Reputation: 3
I have two dataframes, a and b:
a:
+-----+---------+
| word|frequency|
+-----+---------+
| git| 5|
|stack| 10|
|match| 15|
|other| 3|
+-----+---------+
b:
+-------------+---------+
| word|frequency|
+-------------+---------+
| github| 5|
| match | 2|
|stackoverflow| 10|
| b_entry| 7|
+-------------+---------+
I would like to filter out all rows from dataframe a where the word column is equal to or a substring of any row from b, so the desired output is:
+-----+---------+
| word|frequency|
+-----+---------+
|other| 3|
+-----+---------+
I know there are functions a.word.contains(), a.word.like(), a.word.rlike(), etc that can help me test conditions if a.word has a substring. The issue with these is that I would end up with the rows of b that contain values of a.word, instead of the rows of a that are contained by b.word. Are there any functions to help test if a.word is a substring of another table?

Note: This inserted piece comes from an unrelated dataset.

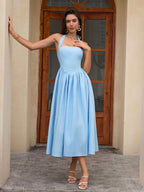 Woman leaning against a pillar in a light blue halter neck midi dress, posing.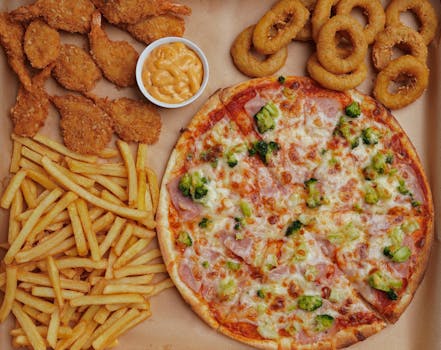 pexels-photo-32116402-32116402 A visually appetizing array of pizza, fries, onion rings, shrimp and cheese dip.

Ideally, a solution would be able to operate on the two tables together instead of directly iterating over the values, eg SQL Join.
Upvotes: 0
Views: 1378
Reputation: 3419
Use contains()
in the join condition with left_anti
as the join type.
A left anti join returns all rows from the first table which do not have a match in the second table.
df_a.show()
+-----+---------+
| word|frequency|
+-----+---------+
| git| 5|
|stack| 10|
|match| 15|
|other| 3|
+-----+---------+
df_b.show()
+-------------+-----------+
| word_1|frequency_1|
+-------------+-----------+
| github| 5|
| match| 2|
|stackoverflow| 10|
| b_entry| 7|
+-------------+-----------+
from pyspark.sql.functions import *
df_a.join(df_b, (df_b.word_1.contains(df_a.word)), "left_anti").show()
+-----+---------+
| word|frequency|
+-----+---------+
|other| 3|
+-----+---------+
Upvotes: 1